2009 song by Terema Wainwright and Alex Warren

"Newport (Ymerodraeth State of Mind)" is a parody version of the 2009 "Empire State of Mind" by Jay-Z and Alicia Keys. Recorded by singer Terema Wainwright and rapper Alex Warren, the 2010 music video was directed by MJ Delaney. The word "ymerodraeth" means "empire" in Welsh. The song features extensive references to the city of Newport in South Wales.

==Production and release==
The video was directed by filmmaker MJ Delaney, and featured singer Terema Wainwright and rapper Alex Warren. Both Wainright and Warren were London-based, although Wainwright grew up in Pencarreg, Carmarthenshire. The lyrics were written by Tom Williams, Leo Sloley and MJ Delaney, and feature numerous references to the city of Newport and Welsh popular culture. Warren and Wainwright performed the song live at the 2010 Newport Cityfest.

The video was published on 20 July 2010, and amassed over 2 million views on YouTube before it was taken down due to a claim by EMI Music Publishing on 10 August, who stated that the uploader did not seek permission from the original songwriters.

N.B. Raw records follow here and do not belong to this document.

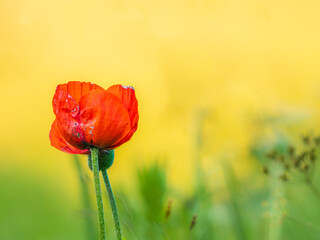 Red poppy flowers against the yellow background. Travel in Armenia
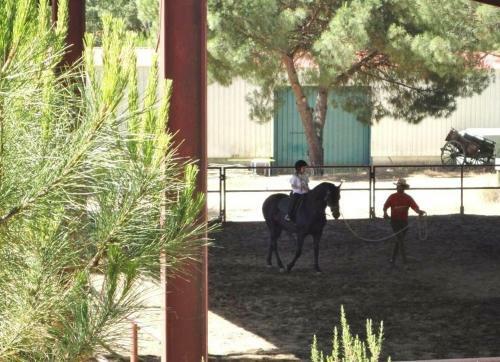 Agroturismo Coruche Cabanas Vp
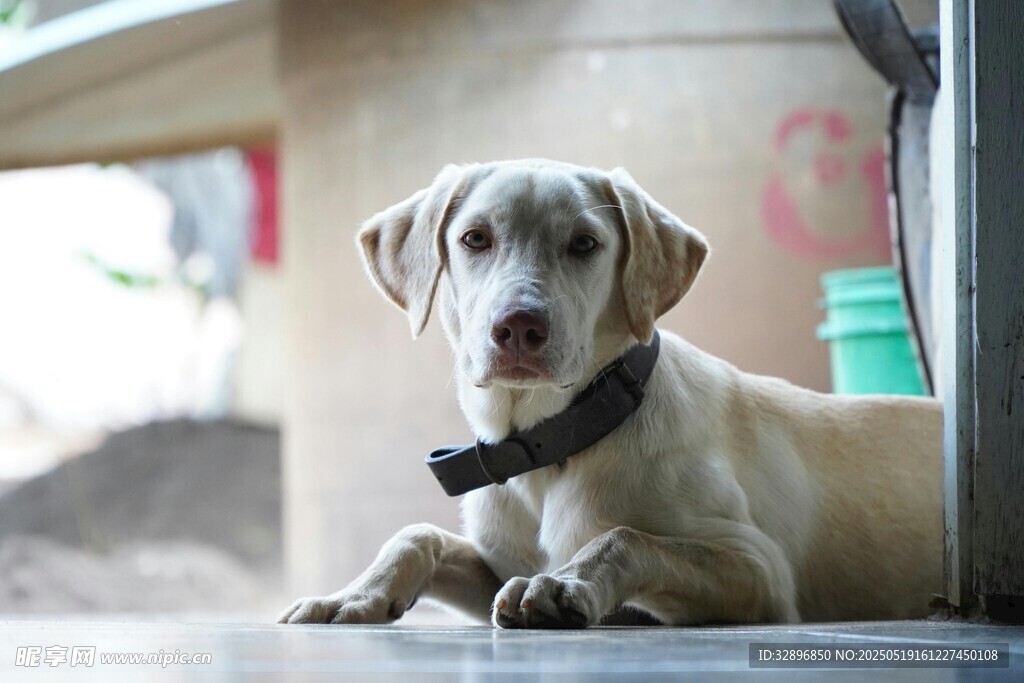 可爱拉布拉多犬趴坐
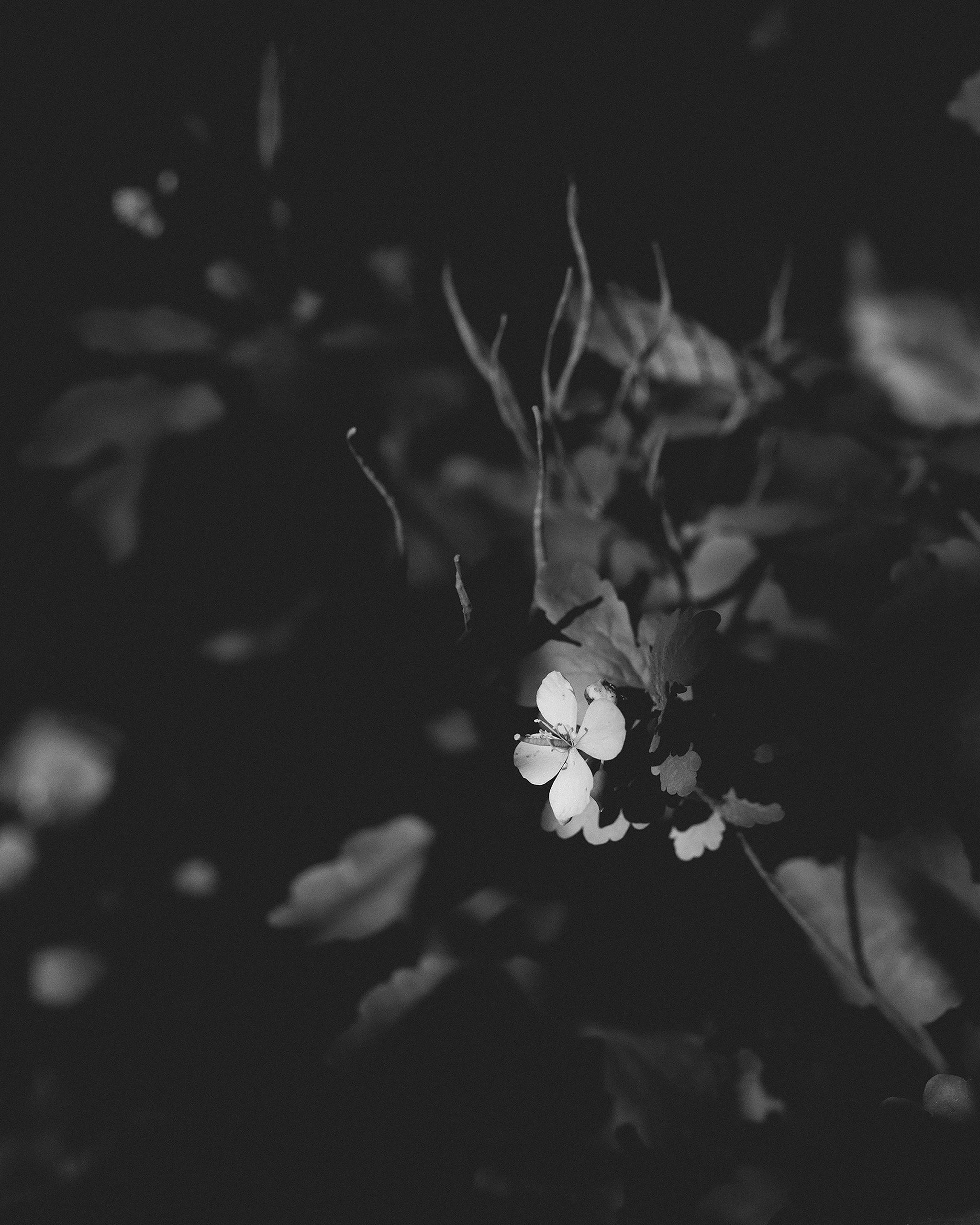 В лесу. Фотограф Владимир Орлов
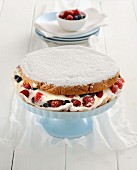 Frozen yoghurt cake with berries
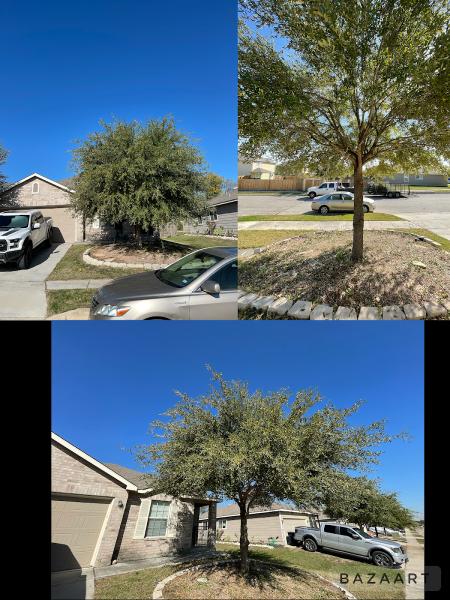 Trejo Landscaping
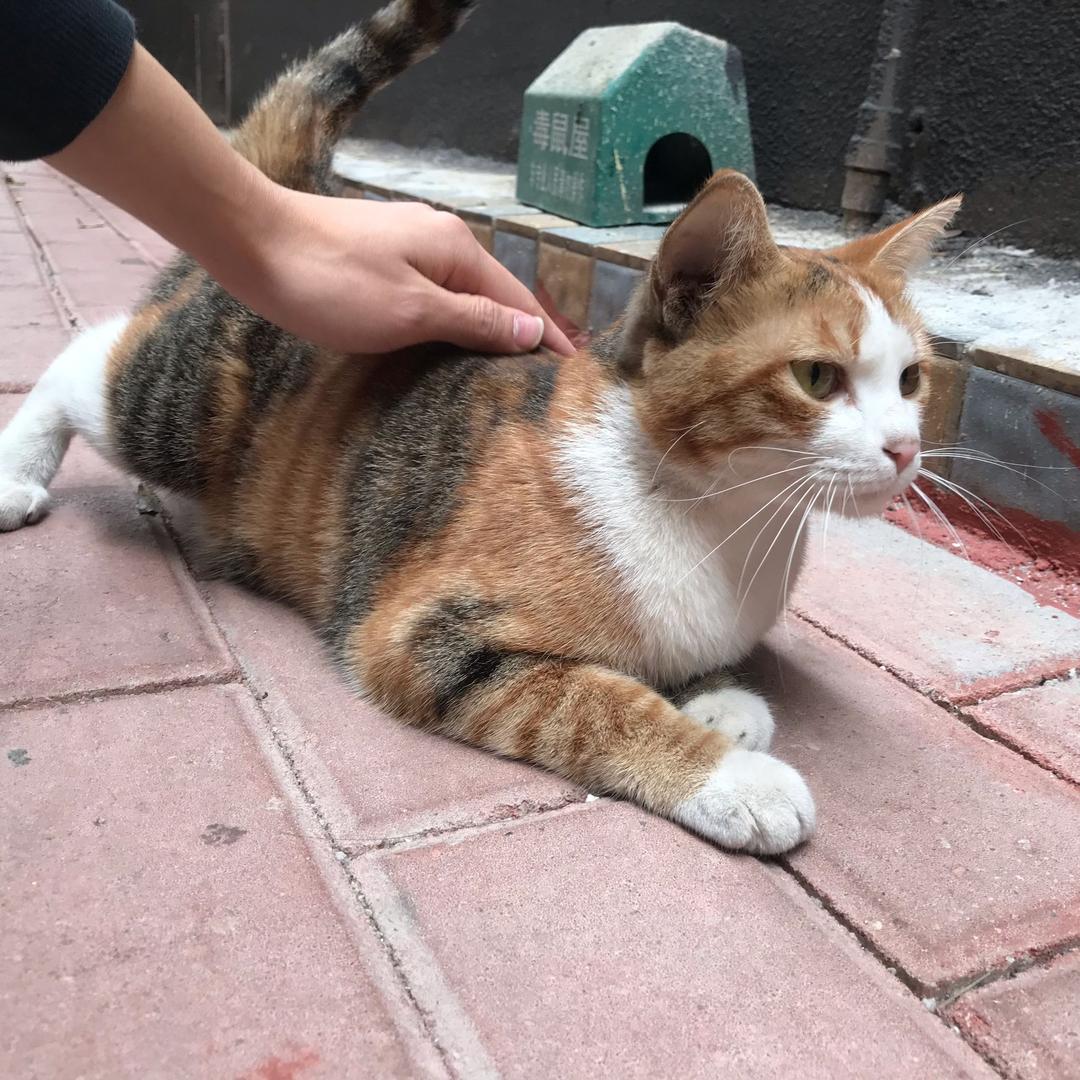 萝萝萝憋钙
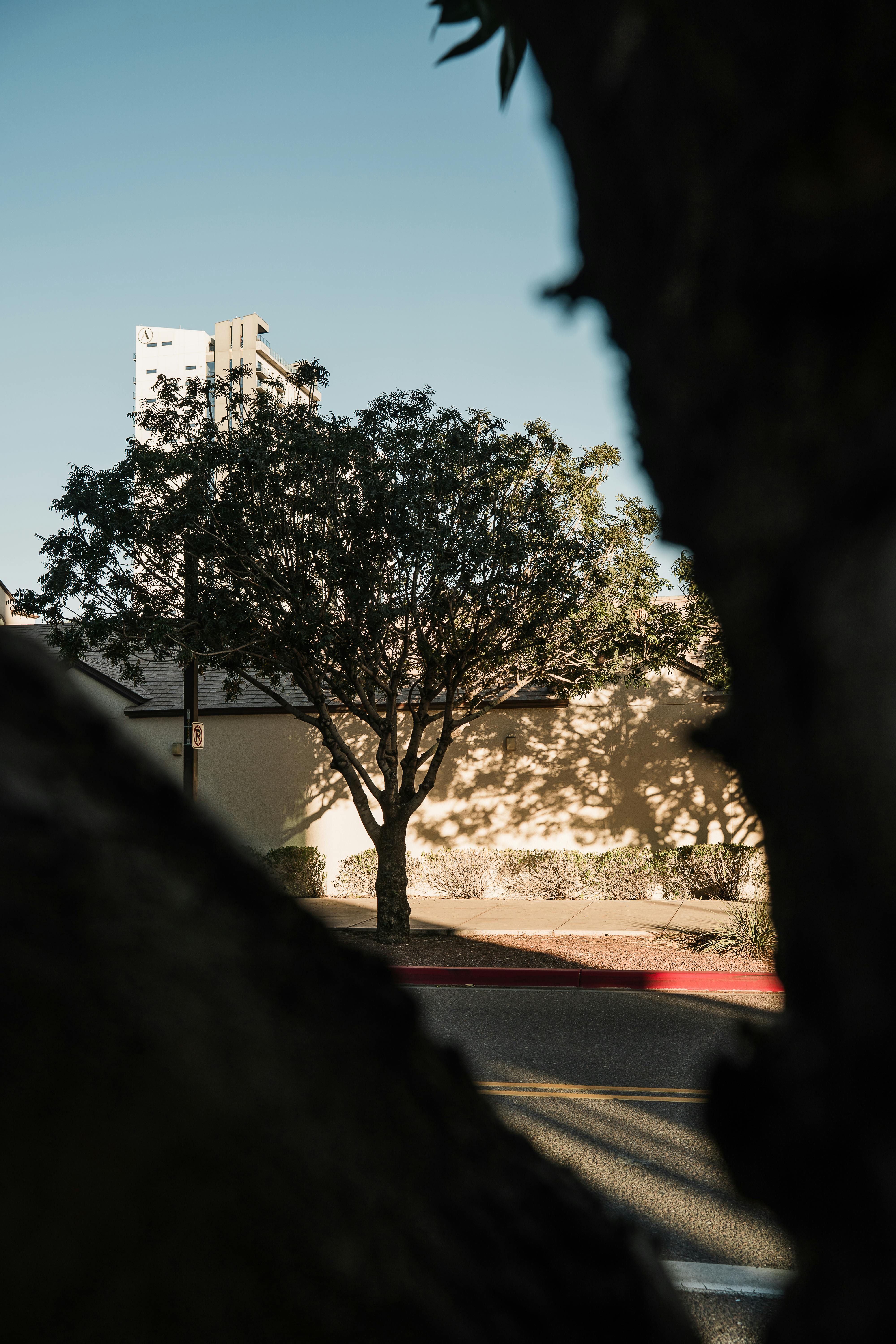 Gratis Bytræ i silhuet mod en moderne bygning med dramatisk skyggespil i Phoenix, Arizona. Lagerfoto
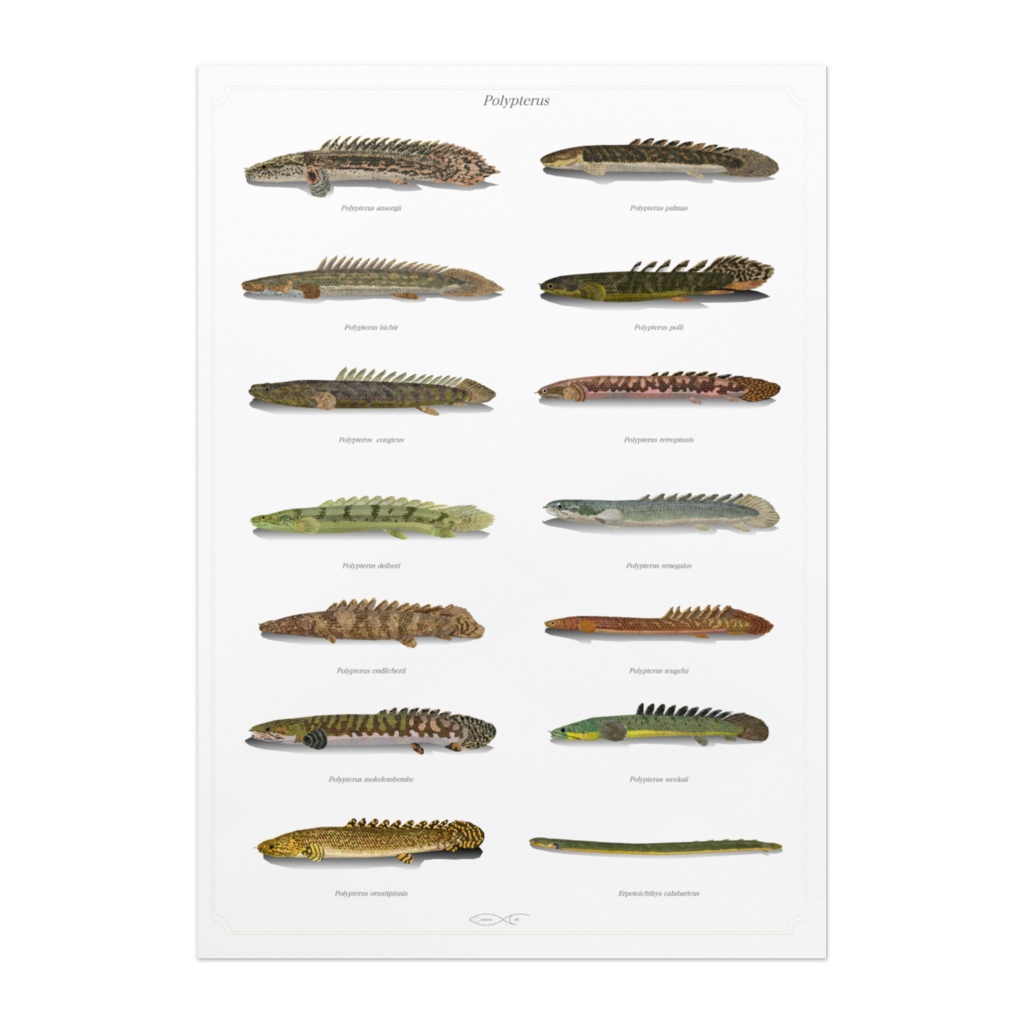 Osakanacraft A1 Drawing Poster Polypterus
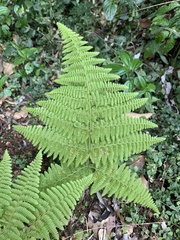 Dryopteris peranema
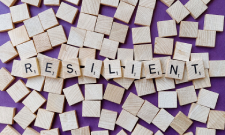 IST-Webinar: „Resilienz in der Veranstaltungsbranche“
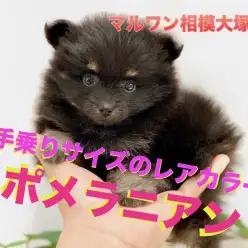 【 たぬき顔ポメラニアン 】ブラック＆タンのレアカラー！生後52日で553g！ 相模大塚店 No.814492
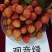 新品种荔枝树苗先进奉观音绿冰荔挂绿嫁接荔枝苗盆栽阳台庭院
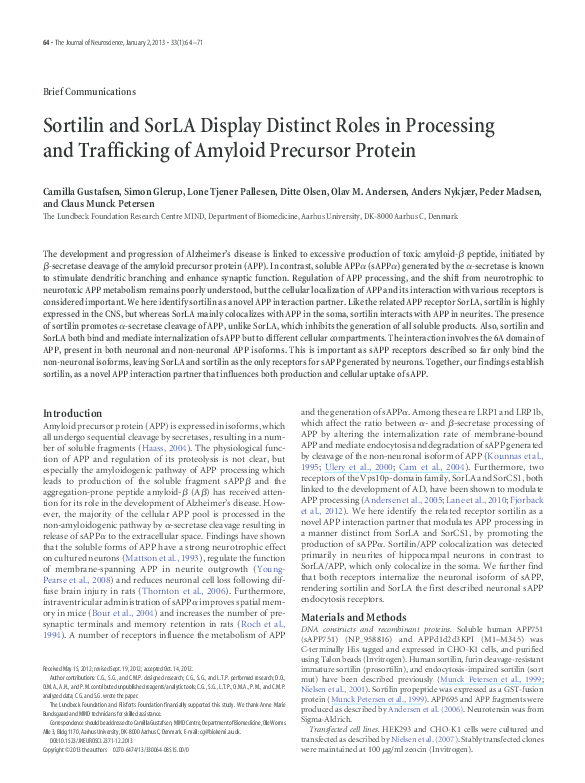 (PDF) Sortilin and SorLA display distinct roles in processing and ...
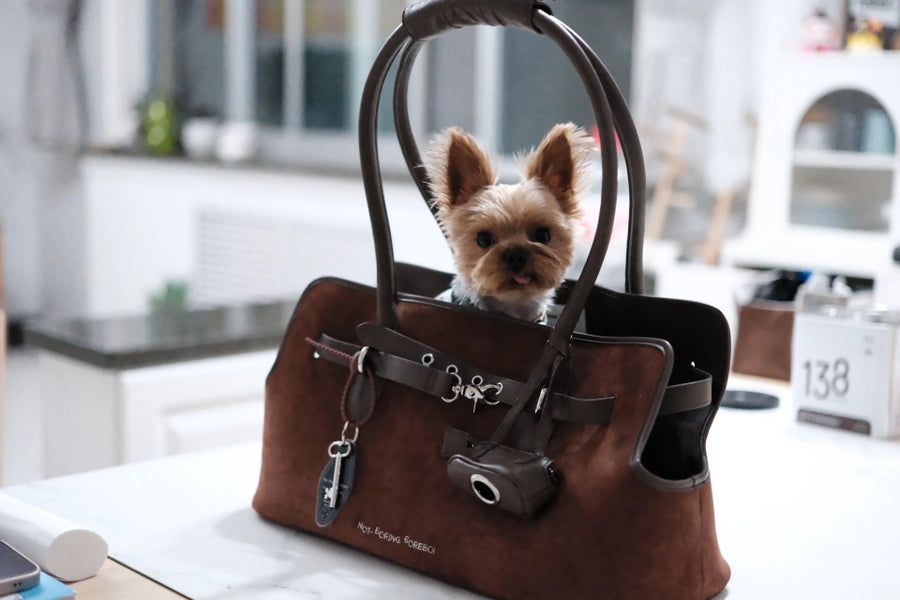 Suede-Feel Pet Tote Bag – Small Dog and Cat Carrier with Safety Leash, Hand or Shoulder Carry, Reddish Brown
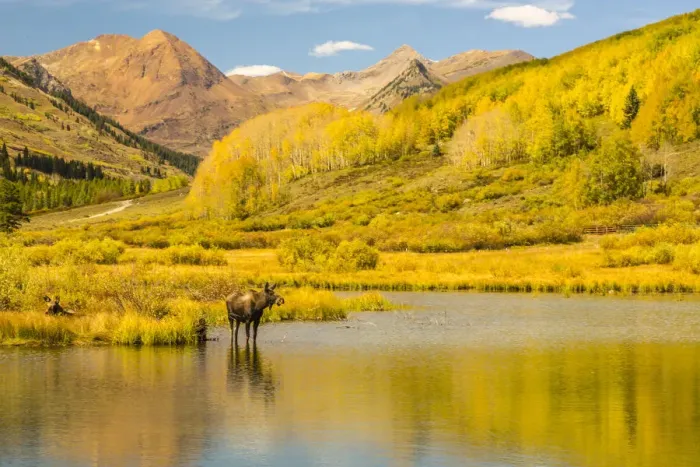 Framed Print : Moose in pond, Gunnison National Forest, Colorado, USA Framed Print : Moose in pond, Gunnison National Forest, Colorado, USA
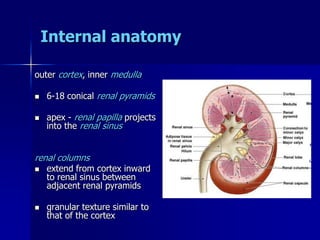 Internal anatomy
outer cortex, inner medulla
 6-18 conical renal pyramids
 apex - renal papilla projects
into the renal sinus
renal columns
 extend from cortex inward
to renal sinus between
adjacent renal pyramids
 granular texture similar to
that of the cortex
 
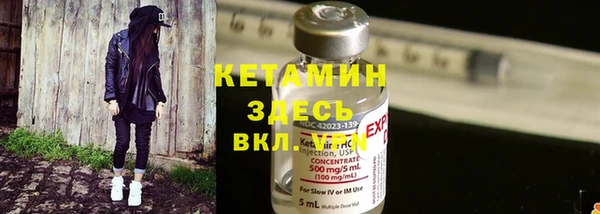 гашик Ладушкин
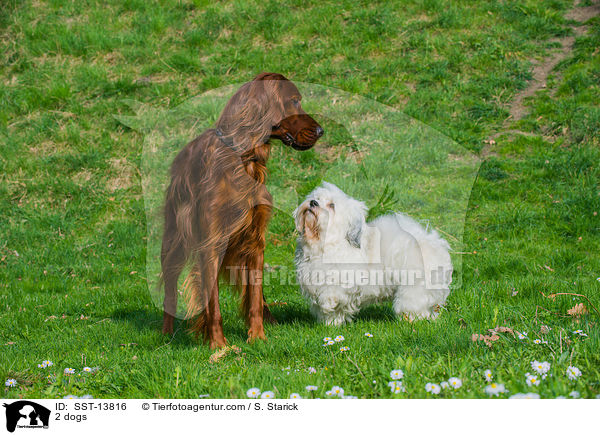 2 Hunde / 2 dogs / SST-13816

The lack of a fair dealing exclusion for parody works, exercised by EMI in their takedown notice, was cited in the Hargreaves Review on Copyright, commissioned by the Newport-based Intellectual Property Office. The review evolved into the Copyright (Public Administration) Regulations 2014.

==Responses==
Newport-based rap group Goldie Lookin Chain released a "parody of a parody" video in response titled "You're Not From Newport", alleging that their rivals lacked local knowledge.

The song was the inspiration for actor Russell Gomer's parody "Ain't Seen Ruthin Yet", based on the song "You Ain't Seen Nothing Yet" by Bachman–Turner Overdrive and the town of Ruthin in Denbighshire.

In 2011, a new parody version, also directed by Delaney, was filmed and broadcast on Comic Relief. It featured numerous Welsh celebrities lip-synching to the original version. It starred Josie d'Arby, Steve Jones, Paul Whitehouse, Siân Lloyd, Connie Fisher, John Humphrys, Gethin Jones, Helen Lederer, Robbie Savage, Anneka Rice, Ruth Madoc, Tim Vincent, Howard Marks, Gareth Jones, Lisa Rogers, Helen Adams, Max Boyce, Joe Calzaghe, Dirty Sanchez, Wynne Evans, Goldie Lookin Chain, Colin Jackson, Grant Nicholas, Shakin' Stevens, Michael Sheen, Imogen Thomas, Bonnie Tyler, Alex Jones and Ian Woosnam.